Here’s a riddle: what do self-driving Teslas, autonomous Wall Street trading algorithms, smart homes, transportation networks that fulfill lightning-fast same-day deliveries, and tracking the daily COVID-19 statistics and air quality in your community have in common?
For one, they are signs that our world is changing at warp speed, thanks to our ability to capture and analyze more and more data faster than ever before.
However, if you look closely, you’ll notice that each of these applications requires a special kind of data:
- Self-driving cars continuously collect data about how their environment is changing, adjusting based on weather conditions, potholes, and countless other variables.
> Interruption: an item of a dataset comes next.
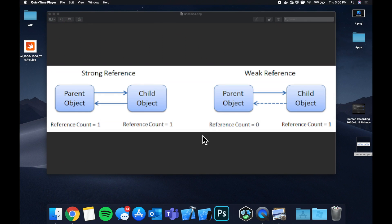What is going on everyone? Welcome back to another Swift tutorial. Today we're going to talk about something that is super important when developing for iOS and it's also a very popular interview question for those of you that are looking to do this professionally.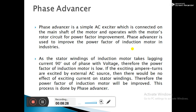The third and last method is the phase advancer. A phase advancer is a simple AC exciter connected on the main shaft of the motor, and it operates with the motor's rotor circuit for power factor improvement. It is used to improve the power factor of induction motors in industries. The stator winding of the induction motor takes lagging current 90 degrees out of phase with the voltage, resulting in a low power factor. If the exciting ampere-turns are supplied by an external AC source, there is no effect of exciting current on the stator windings, and therefore the power factor of the induction motor is improved. This process is performed by the phase advancer.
- Autonomous trading algorithms continuously collect data on how the markets are changing to optimize returns, both in the short and long-term. (Read how financial applications like TransferWise and an automated crypto trading bot collect, store, and analyze data.)
- Our smart homes monitor what’s going on inside of them to regulate temperature, identify intruders, and respond to our every beck-and-call (“Alexa, play some relaxing music”).
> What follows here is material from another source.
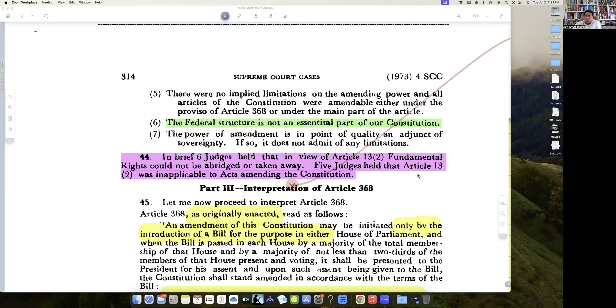However, this would be prospective. Whatever had happened earlier was condoned and acquiesced in. So those earlier amendments would continue. Let's see in the next lecture how the interpretation of Article 368 as 'law' is done by Justice Hidayatullah. We'll stop here and see how we go from there.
- Our retail industry monitors how their assets move with such precision and efficiency that cheap same-day delivery is a luxury that many of us take for granted.
But, far from stock trends, self-driving cars, and knowing the exact minute your next online purchase will arrive, 2020 has provided the most personal example of how time-series data collection and analysis affects our daily lives.
For the first time in history, worldwide interest in time-series data has peaked in the most unexpected way. COVID-19 and the global pandemic have made billions of people across the globe relentless consumers of time-series data, demanding accurate and timely information about the daily trend of various COVID-19 statistics.
Having access to detailed, feature rich time-series data has become one of the most valuable commodities in our information-hungry world. Businesses, governments, schools, and communities, large and small, are finding invaluable ways to mine value from analyzing time-series data. (You can read how some real-world teams, like those tracking real-time flight data or building platforms for sustainable farming mine their time-series metrics in our Developer Q&A series)
Software developer usage patterns already reflect the same trend. In fact, over the past two years, time-series databases (TSDBs) have steadily remained the fastest growing category of databases:
As the developers of an open-source time-series database, my team and I are often asked about this trend and how it should factor into your decisions about which database to select. Specifically, does it really matter if you start with a database specialized for time-series data – or can you easily transition to one later?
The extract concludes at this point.